Math Derivation for Bayesian Probabilistic Matrix Factorization Model

In this paper I am trying to derive the mathematical formulas that appear in the paper Bayesian Probabilistic Matrix Factorization using Markov Chain Monte Carlo. We will use exactly the same notations as in the paper. The part that I am interested in is the Inference part (Section 3.3).

Sample $latex U_i$

In Gibbs sampling, to sample one parameter, you need to determine its conditional distribution on other parameters. To sample $latex U_i$, we need to determine the distribution $latex p(U_i|R, V, \Theta_U, \Theta_V, \alpha)$. Since $latex U_i$ is independent to $latex \Theta_V$,$latex p(U_i|R, V, \Theta_U, \Theta_V, \alpha) = p(U_i | R, V, \Theta_U, \alpha)$.

According to the Bayesian rule, $latex p(U_i | R, V, \Theta_U, \alpha) \cdot p(R | V, \Theta_U, \alpha) = p(R | U_i, V, \Theta_U, \alpha) \cdot p(U_i | V, \Theta_U, \alpha) $. When we sample from $latex p(U_i | R, V, \Theta_U, \alpha)$,  $latex R, V, \Theta_U$ and $latex \alpha$ are fixed. Therefore $latex p(R | V, \Theta_U, \alpha)$ can be seen as a constant. Also, in $latex p(U_i|V, \Theta_U, \alpha)$, $latex U_i$ and $latex V$ are independent, so $latex p(U_i|V, \Theta_U, \alpha)=p(U_i|\Theta_U, \alpha)$ .
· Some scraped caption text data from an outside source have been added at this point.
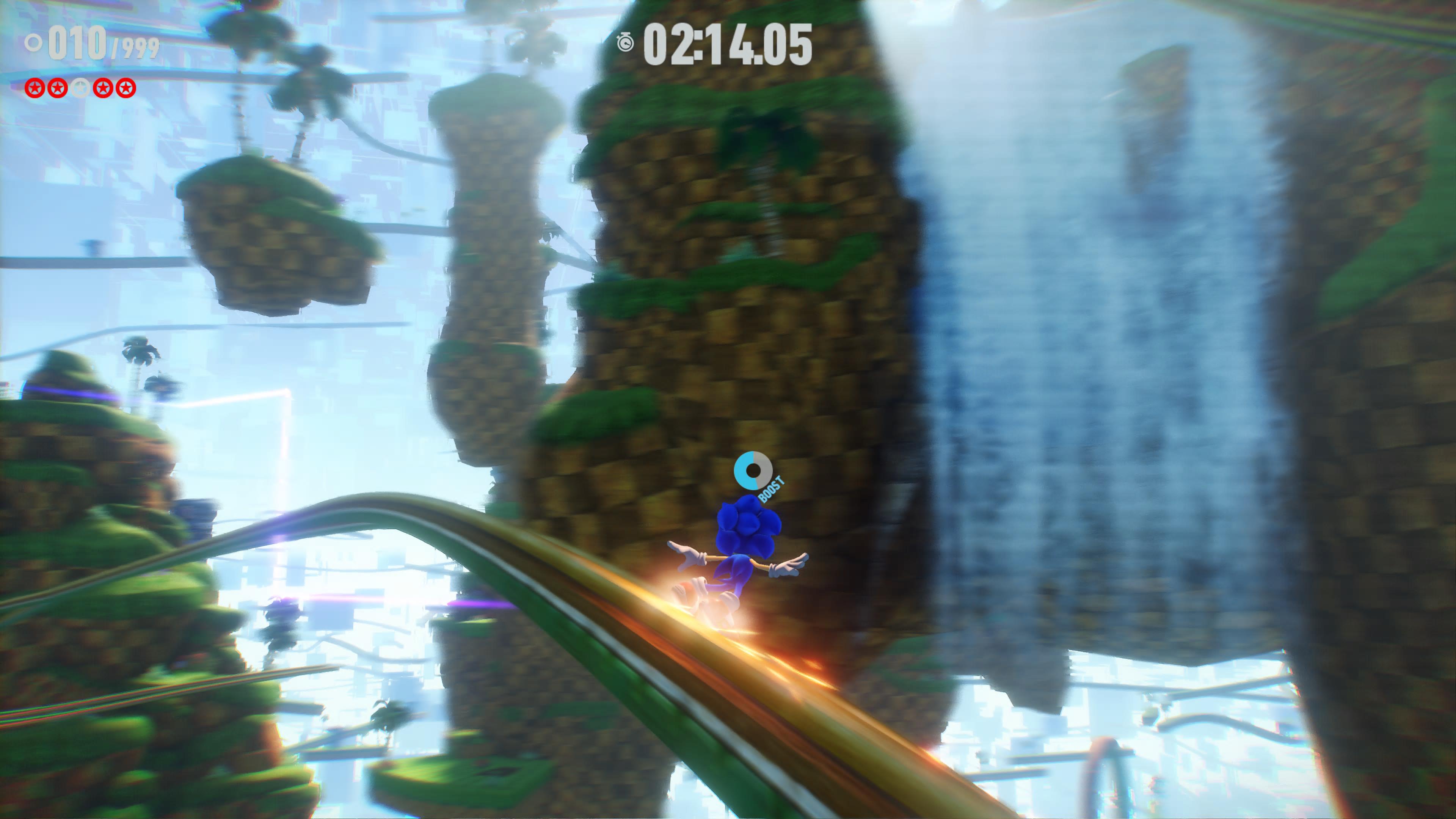 SONIC FRONTIERS_kipinät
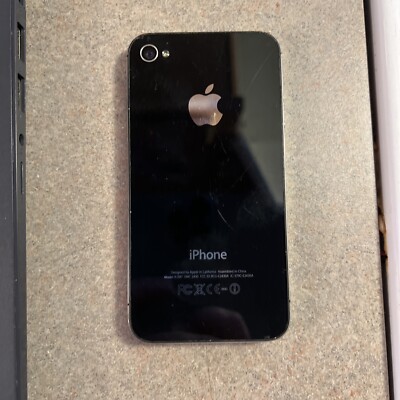 iPhone 4s Cracked No Power | eBay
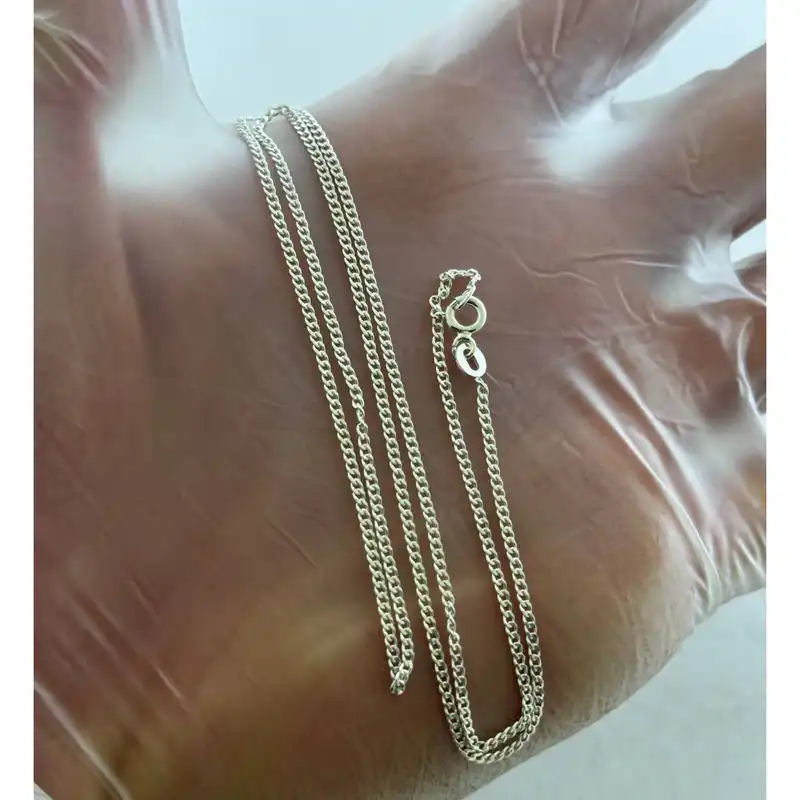 زنجیر نقره زنانه  کد 2.33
Therefore, $latex p(U_i | R, V, \Theta_U, \alpha) \sim p(R | U_i, V, \Theta_U, \alpha) \cdot p(U_i |\Theta_U, \alpha)$. Before we go into further details, note that $latex p(R|U_i, V, \Theta_U, \alpha) = \prod\limits_{j=1}^M [\mathcal{N}(R_{ij}|U_i^TV_j, \alpha^{-1}) ]^{I_{ij}}$, a multiplication of $latex M$ normal distributions, and $latex p(U_i | \Theta_U, \alpha) = \mathcal{N}(U_i | \mu_U, \Lambda_U^{-1})$, another normal distribution, therefore $latex p(U_i|R, V, \Theta_U, \alpha)$ should also be an normal distribution because multiplication of multiple normal distributions results in another normal distribution with a scale factor (here the scale factor is $latex p(R|V, \Theta_U, \alpha)$).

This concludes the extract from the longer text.